Well, now that the shock of that event has sort of died down for me, I should get back to work (and well, they all say that trying to get back to normal life is a good way of getting over such an event), and so here I am writing where I left off last time, and figuring out that another interesting problem has come up with the plan I came up with for dealing with C extensions and giving them the power to call Arcueid bytecode while at the same time preserving the multitasking semantics of the Arcueid  thread scheduler. And so here I am, tumbling down the rabbit hole, which winds up going much deeper than I anticipated. Several requirements, each of them seemingly very simple by themselves, have combined to increase the complexity of the Arcueid interpreter further than I expected:

  1. It should be possible to call Arcueid bytecode from within C code,
  2. Pre-emptive multitasking should be possible by means of a green thread scheduler: execution of bytecode invoked by a C extension should also be subject to this scheduler, and
  3. The garbage collector is a concurrent garbage collector scheduled itself as though it were a thread in the green thread scheduler.

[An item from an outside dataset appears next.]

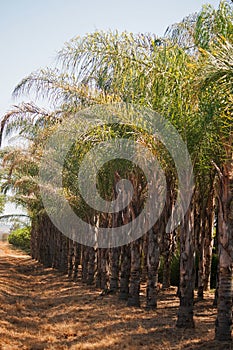 ROWS OF PALM TREES WITH GREEN PALM BRANCHES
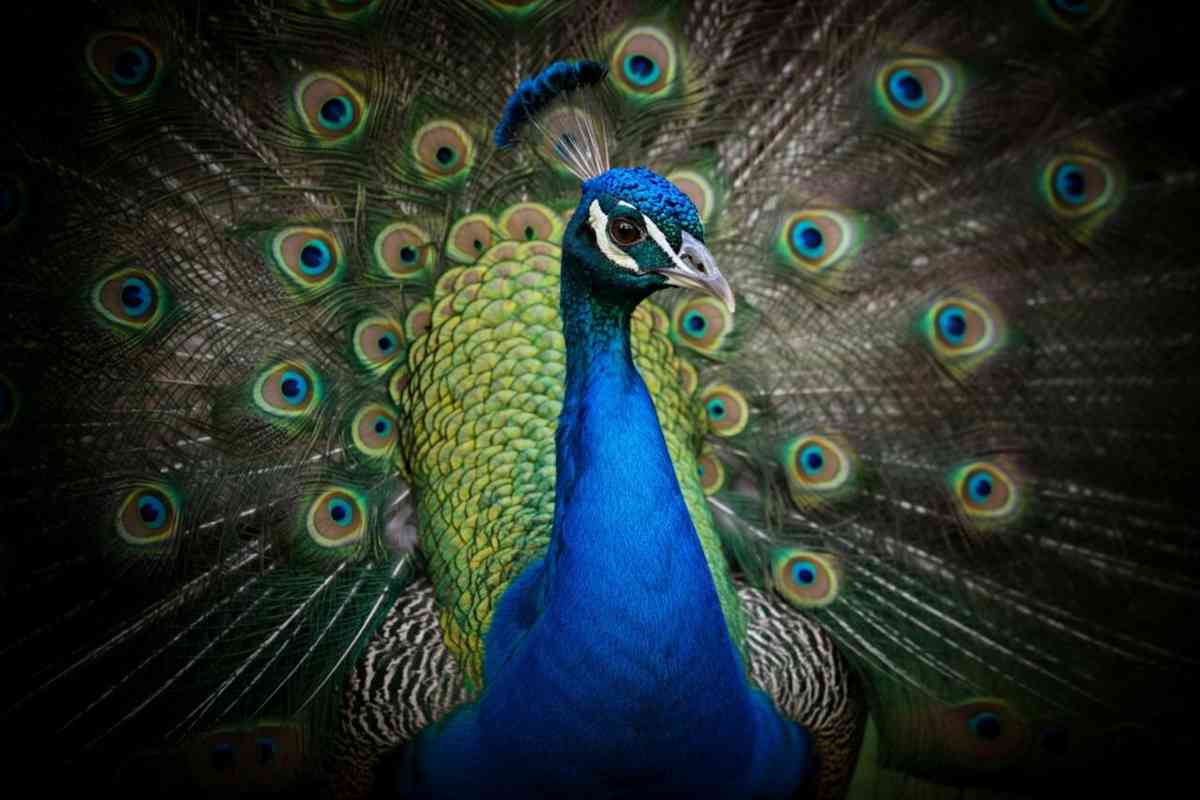 La sorprendente magia dei pavoni: come gli occhi delle loro code generano laser di luce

The first requirement means that we have to have continuations that can restore execution to some point in C code. The second requirement means that these continuations must have essentially indefinite extent, and the third requirement means that any Arcueid values which are local to the C function and any C function that might have called it must also be examined by the garbage collector if the continuation it generated is seen in a garbage collection cycle.

Which of course makes this whole business messy in the extreme. Any continuations that contain saved stacks which are seen from the root set must now be inspected for Arcueid values, and should be marked accordingly by the garbage collector. This means that Arcueid values must then be recognizable as such from within a saved stack frame. I don’t know if this comes up as a problem in Guile, which also uses the stack copying technique I’m trying to implement, but trying to study the code of their interpreter is probably not such a good use of my time.

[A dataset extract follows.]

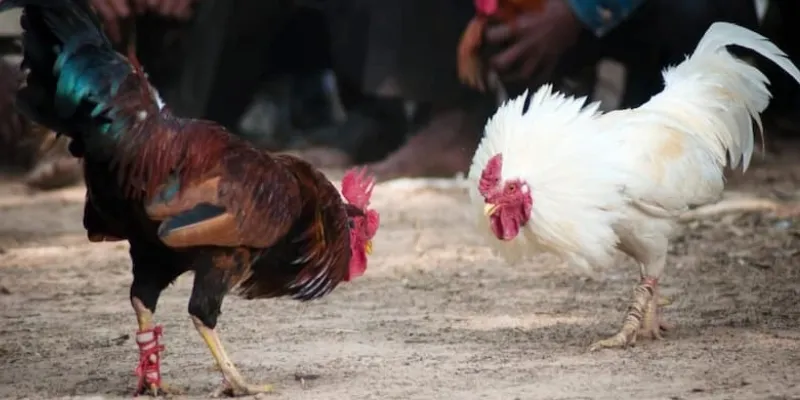 Tìm hiểu luật chơi và cách đặt cược trong đá gà cựa dao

Well, the simplest way to do this would be to prefix a block of all Arcueid values within every C function with some fixed magic number which should be easy for my code to recognize. Follow it by the number of values within the block, and then end it with yet another magic number just to be sure. The garbage collector looks for the pattern of opening magic number, number of values, actual values, then closing magic number. We can set this up by defining a bunch of macros that must be used every time C code has at least one value in its local variables. Of course, not using these macros will cause problems if they are not used, and there’s a lot of old C code in the interpreter that needs to be amended. I’ll basically have to go over every function I ever wrote, but I guess that this was bound to happen sooner or later. Obviously this should be done for every function except those in the garbage collector itself.

Another possible way would be to save the difference between the address of a value and the bottom of the stack in a variable local to a thread. When a continuation is made from within C code, this variable gets cleared. Only trouble is, when a function returns, it must also remove the values it added from the list, and I don’t think I can write macros that do it efficiently.

Anyone out there with better ideas, or perhaps even thoughts on how better to approach this problem than this way, I’m listening.

Rethinking the implementation of Continuations

•2012-08-17 • Leave a Comment

Well, life has a way of catching up with you when you least expect it, and so I have once again left the Arcueid code base fallow for well over six months. Now, I hope, I’ll have a bit more time to work on it, and perhaps I’ll be able to do something more with it in this stretch, provided that the work I do which pays the bills doesn’t get in the way too much.

Running Conan Dalton’s testsuite on Arcueid has uncovered what appear to be some bugs in the continuation handling behaviour of the virtual machine core, especially that of ccc (call/cc).  Someone rooting around in the random writings I have in the Arcueid wiki on Github might have noticed me mentioning something about a calling convention 4, and the variant continuations it generates. In retrospect, I now think that this idea was ill-conceived, relying as it does on Simon Tatham’s coroutine technique which is rather unorthodox to say the least.

To permit C extensions (and naturally functions within the Arcueid runtime itself of course) to call Arc code, we could of course simply create another virtual machine engine context and use that to execute the code, and when it terminates, the return value is returned to the calling C code. This is what Ruby and apparently Python do. However, we want to have full pre-emptive multitasking in the virtual machine core, and doing this precludes that unless Arcueid gets native threads, and that’s a whole other can of worms which I’m not yet ready to open at this time.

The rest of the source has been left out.